By Brandon OConnorNovember 13, 2019
WEST POINT, N.Y. -- Fox NFL Sunday looked a little different when viewers tuned in this past weekend to see Terry Bradshaw, Michael Strahan, Howie Long, Curt Menefee and Jay Glazer preview the upcoming NFL action.
Viewers who tuned in Sunday got an up-close look at the U.S. Military Academy and the old granite halls that have formed generations of leaders for the Army as Fox NFL Sunday continued its annual tradition of hitting the road for Veterans Day by hosting the show from West Point this year.
"Today, America saw firsthand the leaders of character we have here at West Point," said Lt. Gen. Darryl A. Williams, superintendent of West Point. "It was an amazing few days with Terry, Michael, Jimmy and the rest of the crew on campus."
Whereas the usual Sunday show focuses almost entirely on the games occurring that day, this week's show spent nearly as much time telling the story of West Point.
The show included Duke basketball coach Mike Krzyzewski, USMA Class of 1969, introducing the show, and Pittsburgh Steelers left tackle Alejandro Villanueva, USMA Class of 2010, who narrated the history of Army Football.
There were also packages on the Long Gray Line narrated by Arizona Cardinals receiver Larry Fitzgerald, which included Reception Day when new cadets arrive, what it's like to be a plebe and the 47-month experience cadets have at West Point.
The stage was set upon The Plain at the academy with Washington Hall and the statue of George Washington serving as a background along with over 1,000 cadets and senior leaders, including Williams and Secretary of the Army Ryan D. McCarthy.
"We've done these for several years at many military bases, but it was quite an honor to hear that West Point was on our list," Rod Conti, vice president of studio remote operations for Fox Sports, said. "It is pretty much the top of the hill for us in this realm."
Going live from The Plain Sunday morning came after months of work behind the scenes getting the show ready. Step one for Conti and his crew was finding the right spot to set the stage so they could get that perfect shot as a background.
Before even arriving at West Point for his first site visit, Conti had a pretty good idea of where that shot would be. He pulled up Google Earth, looked over the academy and had immediately identified the shot from The Plain overlooking the Washington statue as the picturesque image he was looking for.
"From a fixed point of view, it checked all the marks I was looking for," Conti said. "It had space. It had accessibility. There was a big field. We knew that we could get power to it. All those things factor in, and of course, it all starts with the beautiful background."
The final placement of the stage wasn't in the exact spot he had identified online, but after going back and forth and begging, he was able to get permission to place the stage where the view over the hosts' shoulders would be Washington Hall.
The set designers then got to work adding elements to the shot while the production crew began filming and putting together packages to tell the story of West Point and the Long Gray Line of graduates from the academy.
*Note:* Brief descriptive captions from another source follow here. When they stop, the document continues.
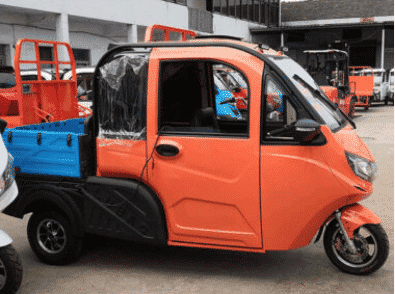 Electric vehicles can replace trucks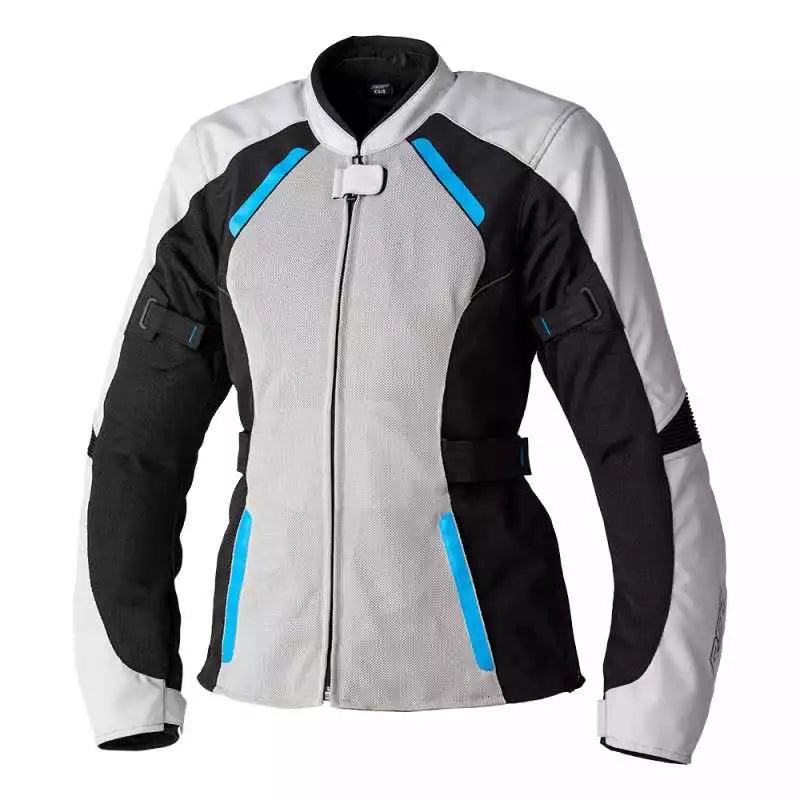 AVA MESH CE LADIES TEXTILE JACKET DASH RACEGEAR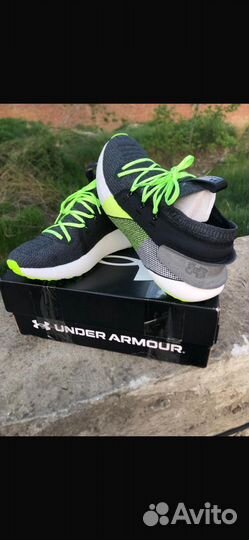 Кроссовки under armour phantom 3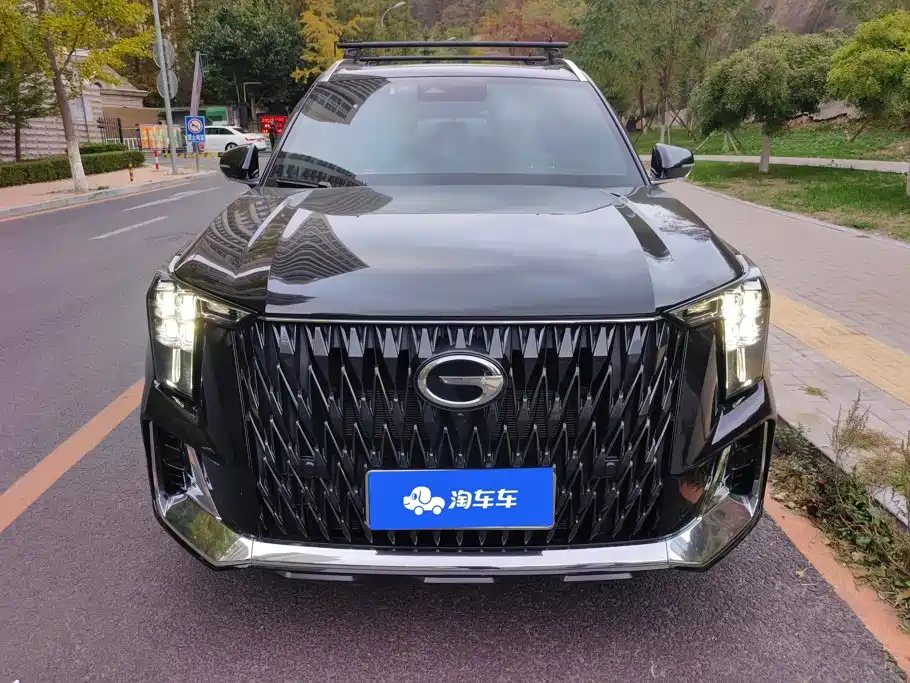 GAC Motor Trumpchi GS8 — миниатюра 2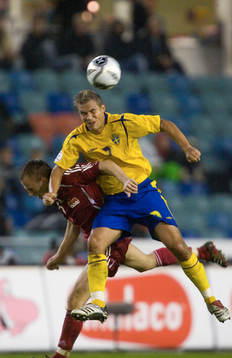 Niclas Alexandersson vinner nickduell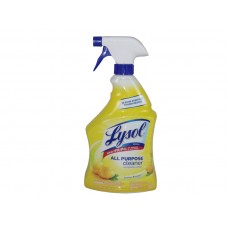 Lysol All Purpose Cleaner Lemon Breeze Scent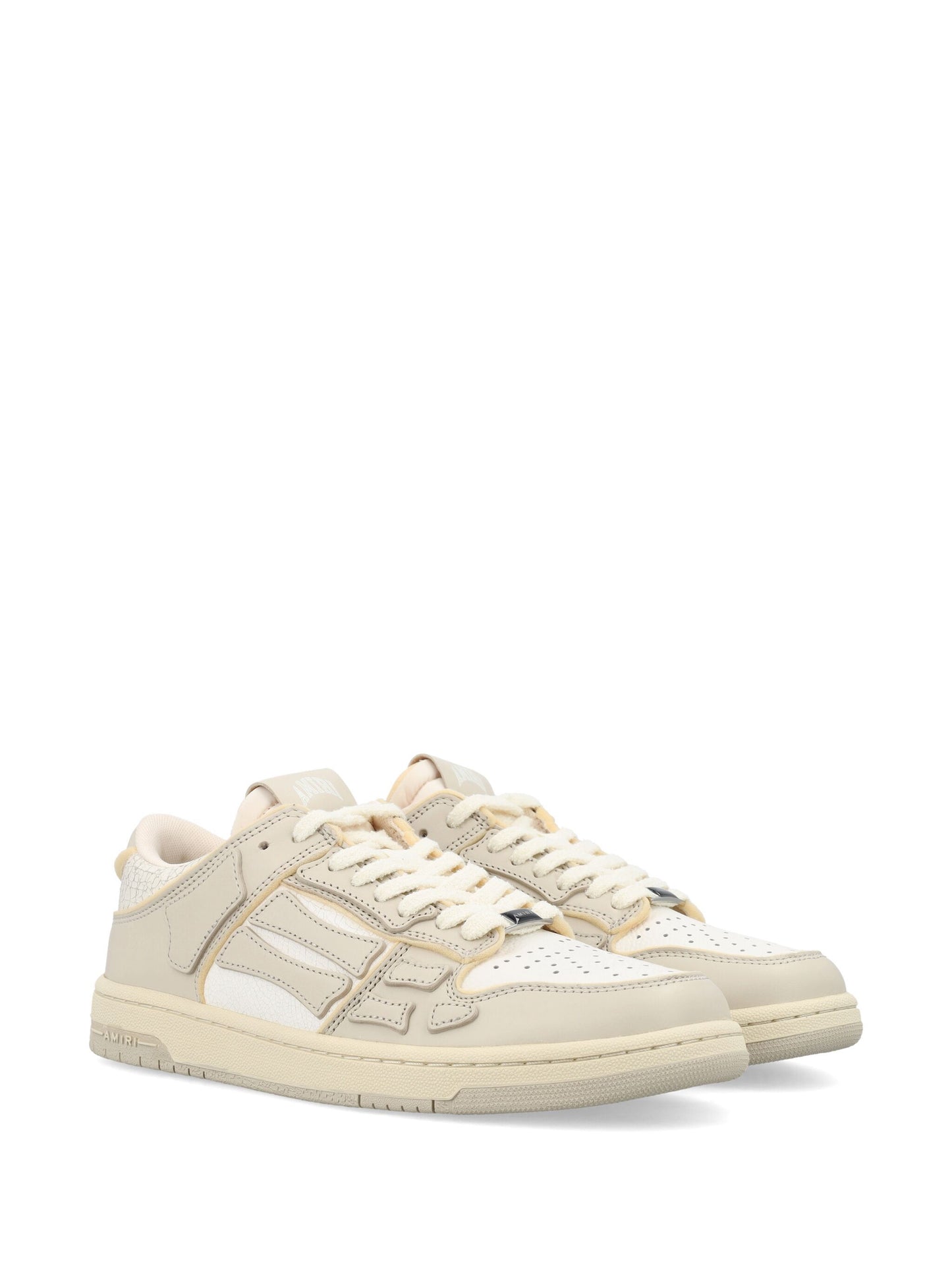 AMIRI Collegiate Skel leather sneakers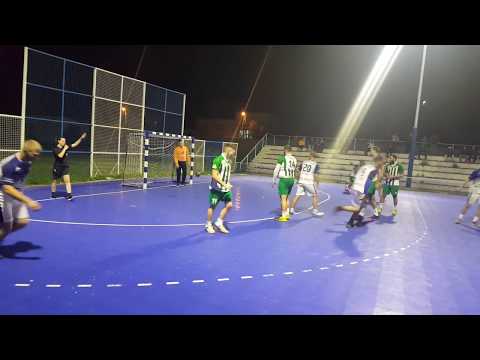 KUP utakmica RK Titel - RK Nova Pazova 1957  25:37 / Titel, 09. oktobar 2019.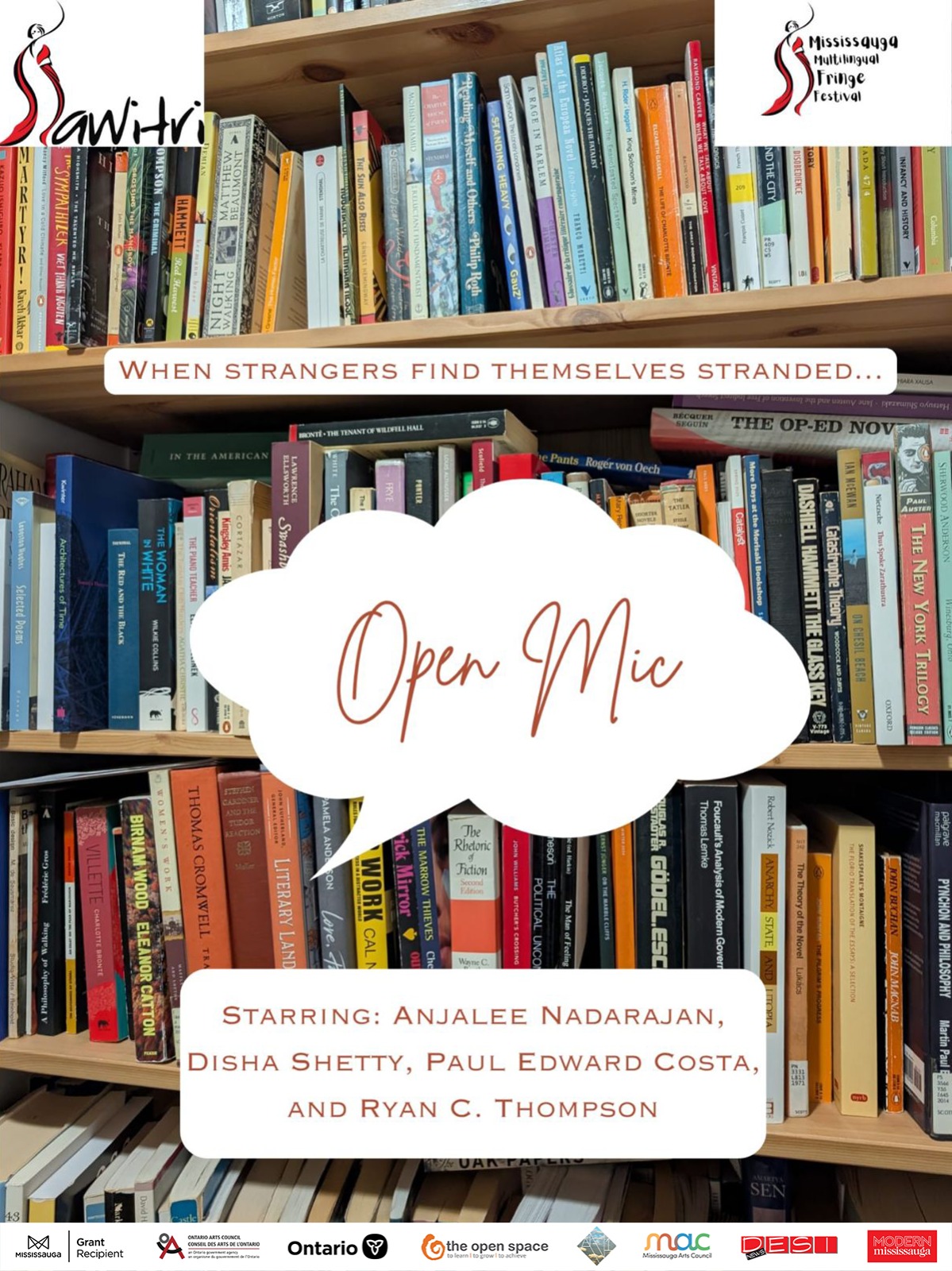 Open Mic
To accentuate the statue, which was the centerpiece of the background, the design crews added bleachers for cadets to sit in and built a mock Beat Navy tunnel. Because of the parade before Saturday's football game against UMass, the set designers also hung a giant American flag across the back of the set as well as Go Army signs that hid some parts of the set.
"What was maybe missing like when we're sitting at Fort Benning and we have tanks and all this stuff in the background, really what was important here was the history," Conti said.
The story of cadets, alumni and the history of West Point was at the forefront of the show.
"There's no better way to express that than having those teams come out and do the research and look at those stories that are here," Conti said. "Bringing up the people that walk through these halls is just as, if not more, important than the background."
Putting on the show required multiple satellite trucks for a primary and backup feed, a production studio, and more than 200 people on the ground at the academy throughout the week to build the set, film the crew and then set up and run the show.
In all, with the months of planning, the production and construction costs, and everything that went into broadcasting live from West Point, Conti said it cost Fox Sports more than a $1 million to put on the show.
"What we're looking at is 14 million people on any given Sunday watching this," Conti said. "For us, it's a salute to the troops, and it's a Fox tradition to get that message out to the rest of the world. What better way than show off the beauty of West Point."